The telecommunications company, which owns CTV and the TSN sports network, announced the pairing with the Canadian Broadcasting Corp. Friday, a day after Bell's current partner Rogers decided to bow out of a future partnership.
Rogers Communications (TSX:RCI.B) said Thursday it would not pursue a bid with Bell for the 2014 Winter Olympic Games in Sochi, Russia and 2016 Summer Games in Rio de Janeiro, Brazil.
The partnership between Bell and CBC quickly resolved uncertainty over where the media company would get additional financial backing for the expensive endeavour, among the world's most-watched sporting series.
"The Olympic Games are a premium property that requires a strong partnership in order to deliver the level of experience that Canadian viewers and advertising partners now expect," said Bell Media president Kevin Crull in a release.

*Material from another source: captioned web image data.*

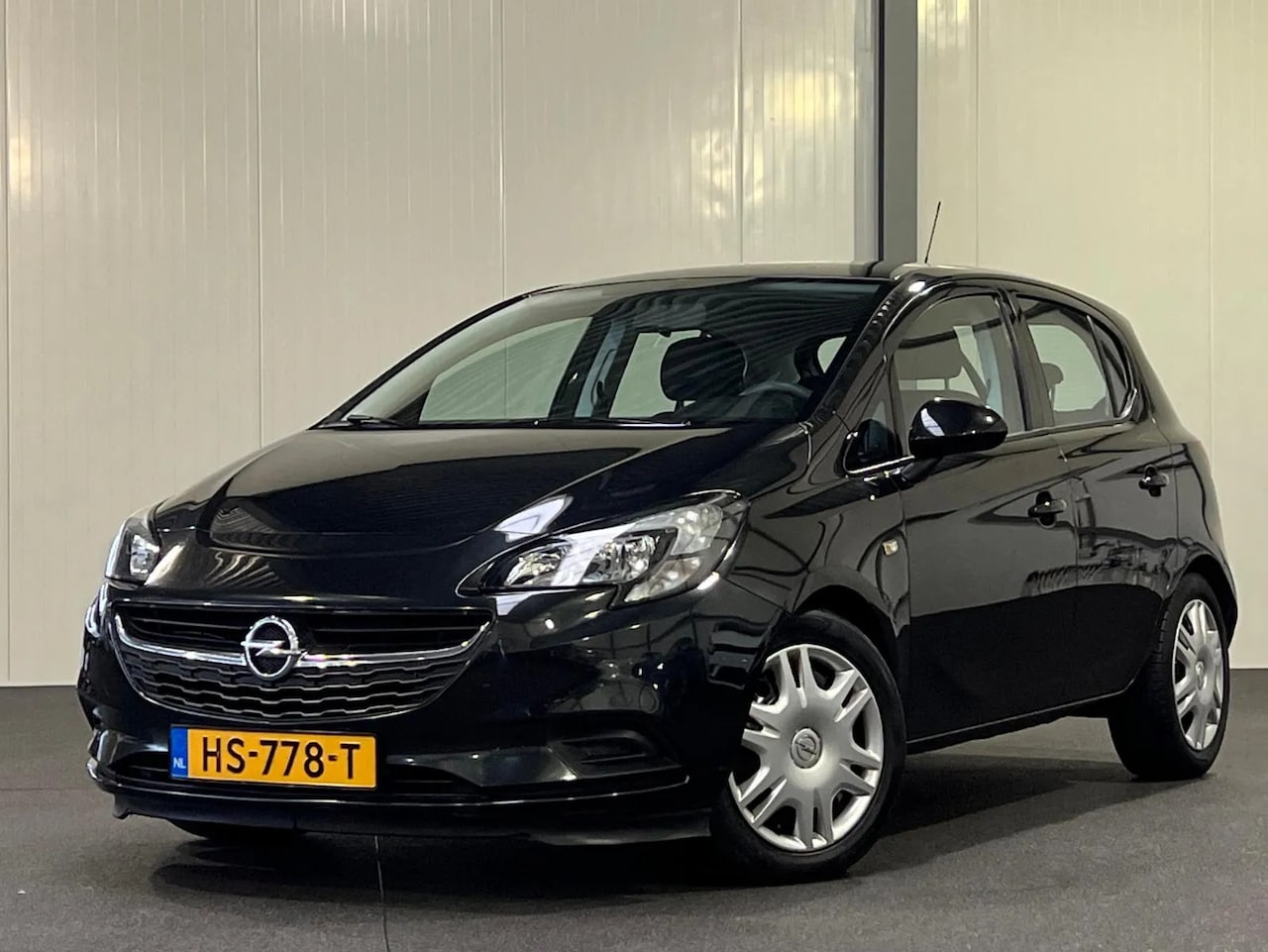 Opel Corsa - 1.3 CDTi AUTOMAAT [ NAP bluetooth 1.3 CDTI Edition - AutoWereld.nl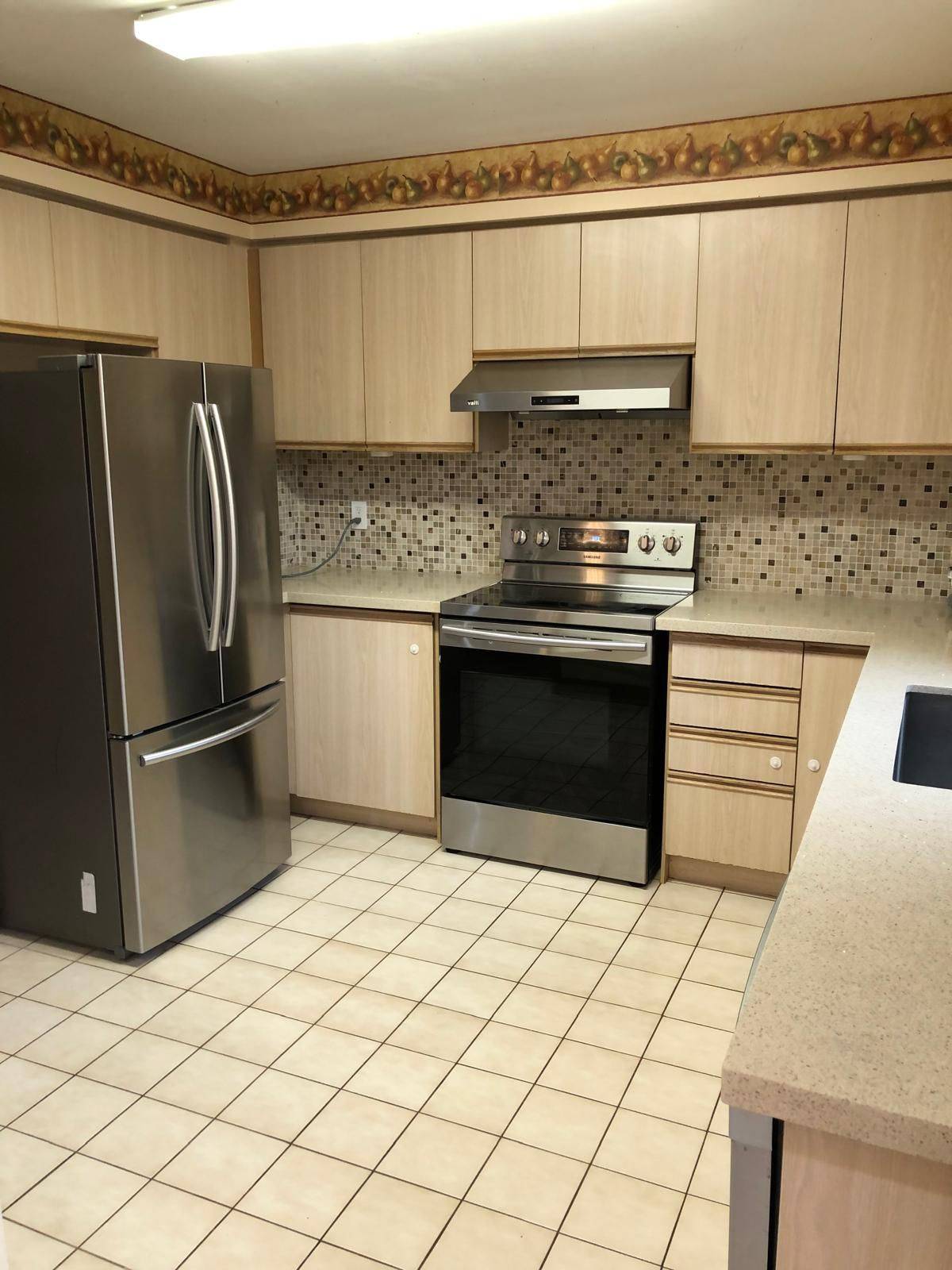 Brampton, ON L6Y 4P2,52 Pennsylvania AVE #Room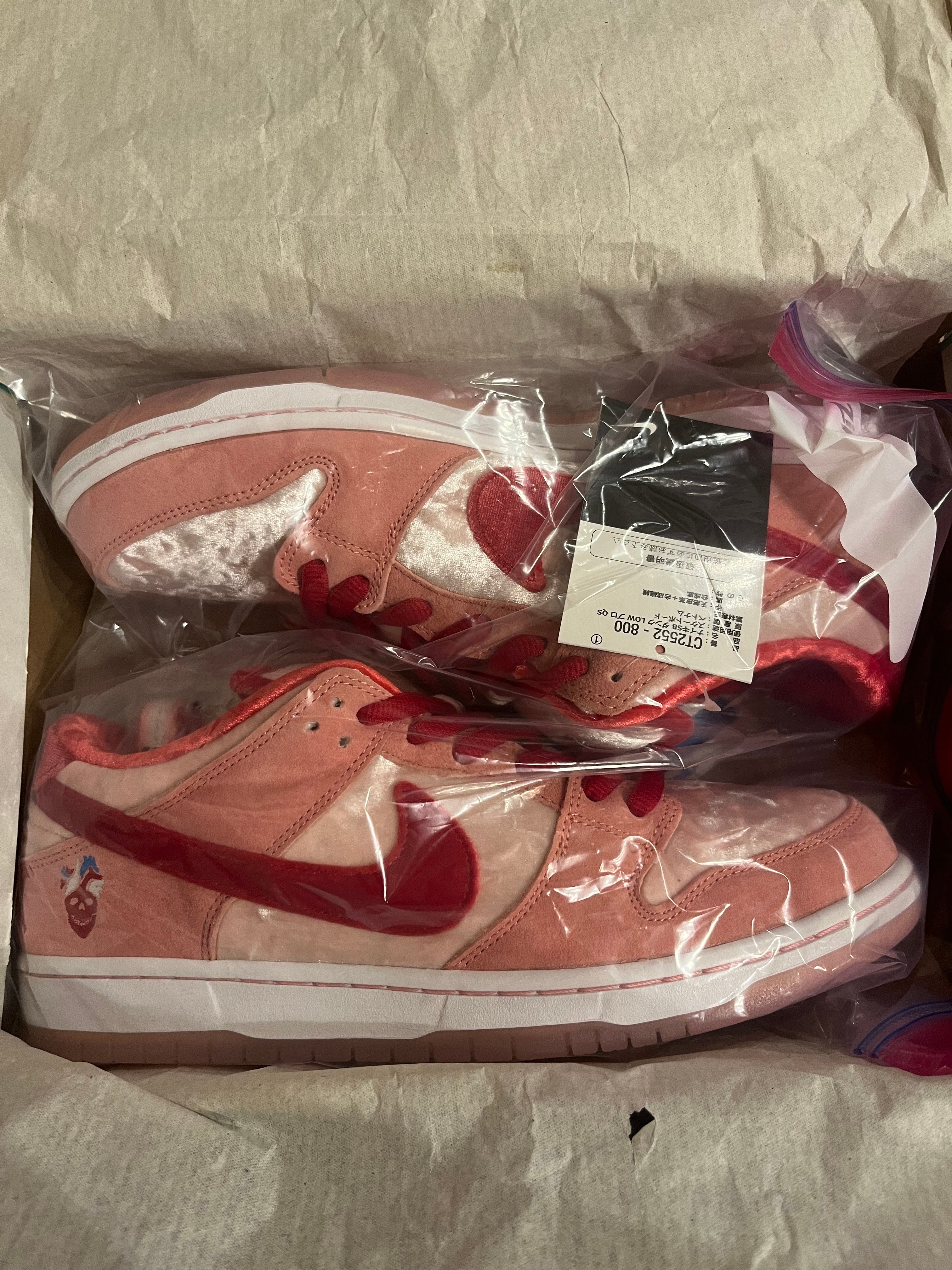 Strangelove × Nike SB Dunk Low "Valentine’s Day"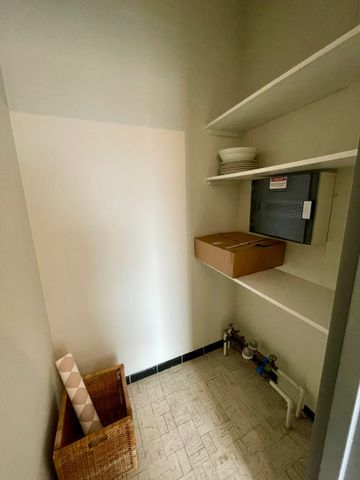 APPARTEMENT MET 1 SLPK IN RUSTIGE STRAAT IN HET CENTRUM - Photo 3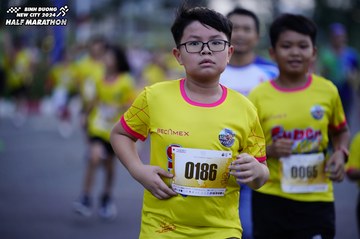 BINH DUONG NEW CITY HALF MARATHON 2024 - Ảnh #1724733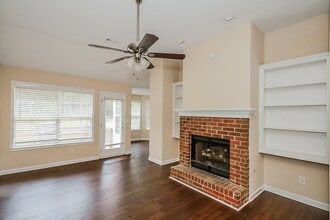 205 St Charles Ave in Mcdonough, GA - Building Photo - Building Photo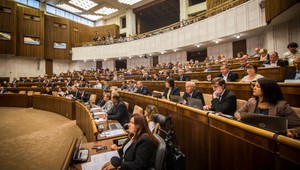 Po prázdninách sa do parlamentu vrátili poslanci. Rokovali najmä o financiách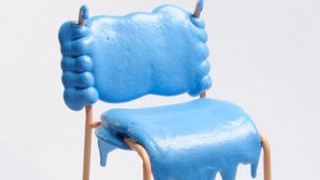 夏季最應景的傢俱設計---融化的泡棉椅 - 就是設計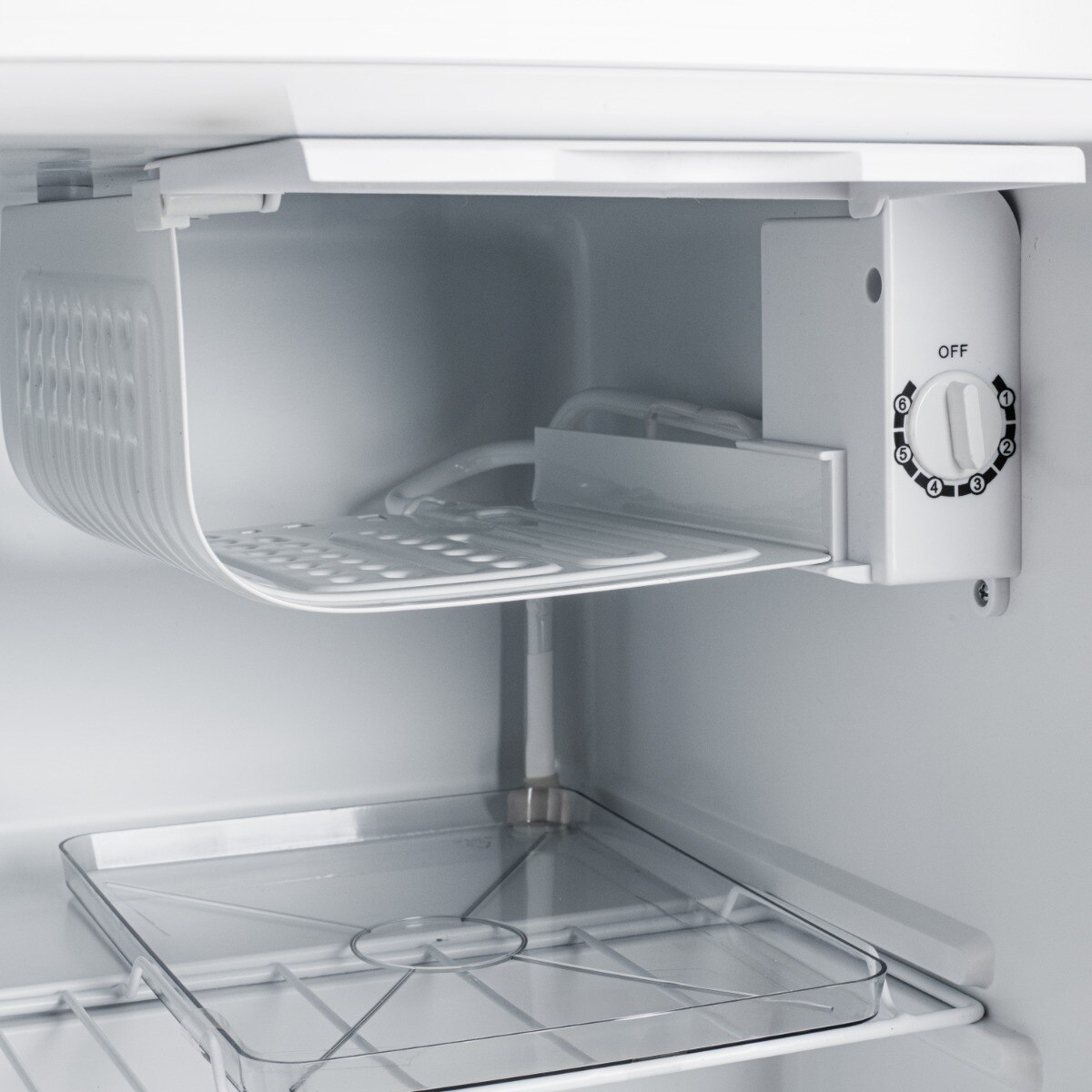 Frigider Sub Blat, Ad 8096, Capacitate 45 L, Reglare A Racirii In 6 Trepte, Dezghetare Manuala, Alb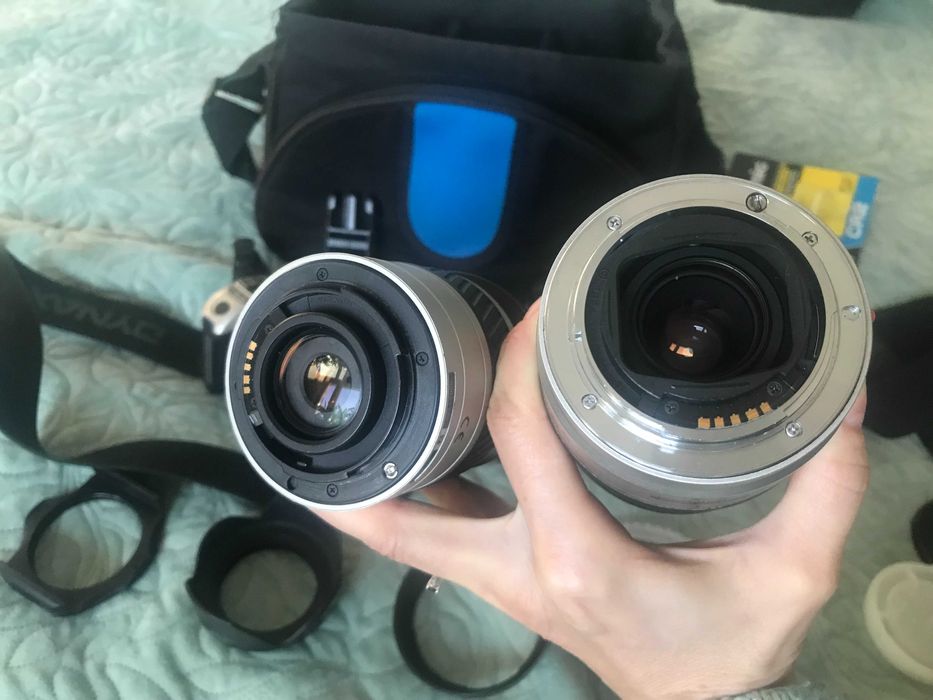 Minolta Dynax 505 si zestaw obiektywy: AF 28-80 i AF 75-300 torba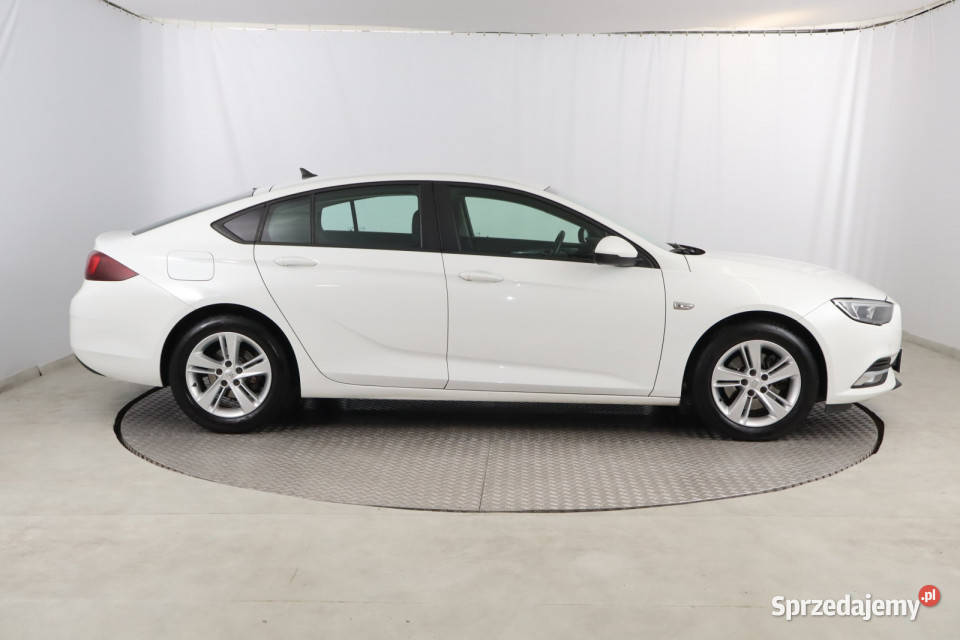 Opel Insignia 16 CDTI Rok produkcji 2018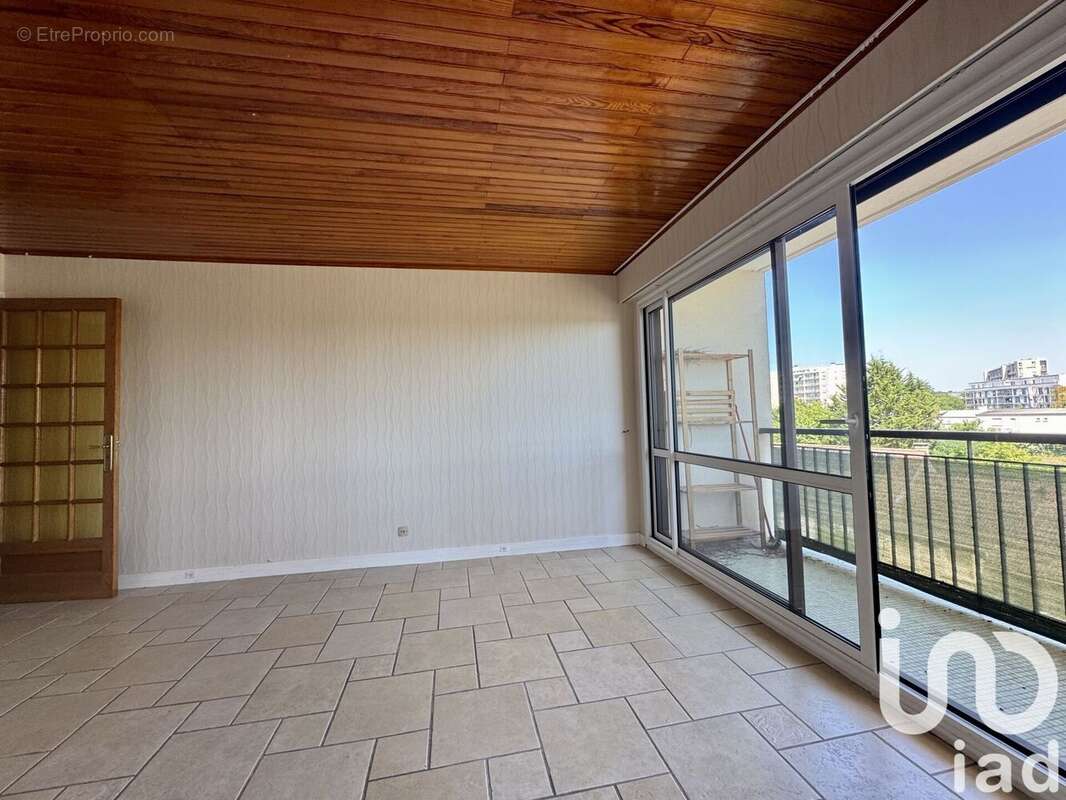 Photo 2 - Appartement à LE MEE-SUR-SEINE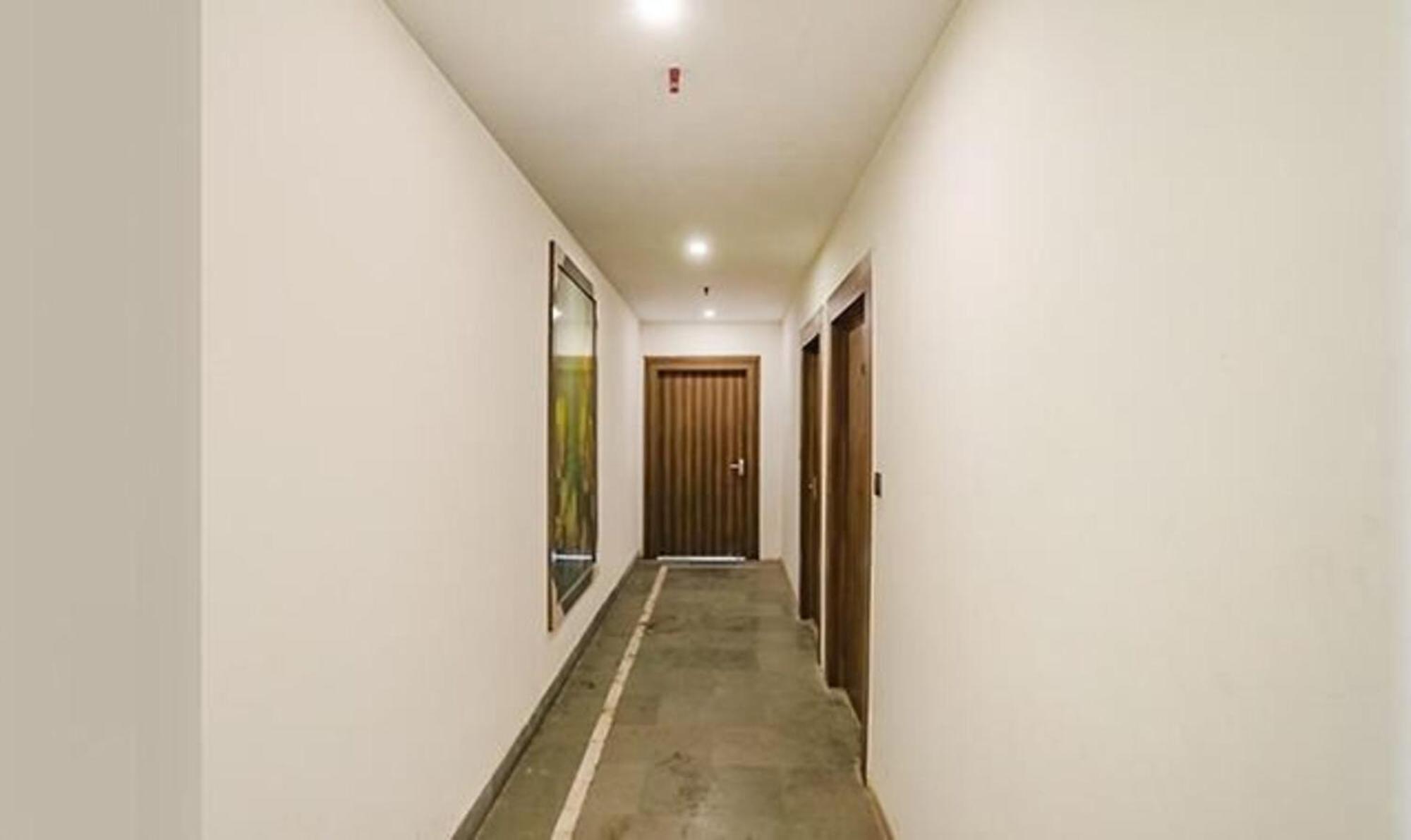 Fabhotel F9 Sector 58 Noida Extérieur photo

Crull added in a phone interview that a previous relationship between CTV and the CBC for Olympic coverage from 2000 to 2008, which encompassed five games, made the new partnership a logical choice.
"We have had a long history with CBC in co-producing and delivering the games so it was a bit of a natural," he said.
"What we learned in Vancouver is that more of everything is better (for viewers and advertisers)... so more content, more depth of coverage, more reach on more channels and more platforms."
The emergence of CBC as a partner returns the broadcaster to its longtime stomping ground as a participant in Olympic coverage. Its last direct involvement in the Olympics was during the Beijing Games in 2008, before CTV outbid it for the rights to the Vancouver Games.
Crull noted that the agreement with the CBC is "a far more balanced partnership" than the Canadian broadcast consortium that was arranged with Rogers. In that agreement, Rogers paid US$153 million for a 20 per cent stake in the consortium, with CTV holding the other 80 per cent interest.
However, it's unlikely that the Bell-CBC bid would be quite as rich as the agreement made by Bell and Rogers, which was considered the highest price ever paid for Canadian rights at more than $760 million.
The price tag of that package was pushed higher because it included the rights to the Vancouver games, which were on home turf, a factor that traditionally intensifies the bidding process because more domestic viewers tune in.
Crull declined to detail exactly what the additional benefits were to the CBC, though the Rogers agreement included limitations like prohibiting the company from using the iconic Olympic rings in its marketing campaigns.
CBC Sports executive director Jeffrey Orridge said that it's too early to detail the specifics of what his network will receive as part of the agreement.
"We haven't won the bid yet, so it would be purely speculative at this point to discuss what rights may (be given) to whom," he said.
"It was a lot of effort and energy and time invested in putting together a partnership in order to go forward to be competitive."
However, the amount of competition for the Olympic bid may be minimal now that CBC has secured its position and Rogers has said it will not be participating
Shaw Communications (TSX:SJR.B), based in Calgary, would be one of the most obvious contenders because it owns Global, but not a sports cable network, while Quebecor Inc. (TSX:QBR.B) recently launched French-language sports network TVA Sports.
Bell (TSX:BCE) and Rogers had worked together on broadcasting rights for the Vancouver games last year, and will also work together on the London games in 2012.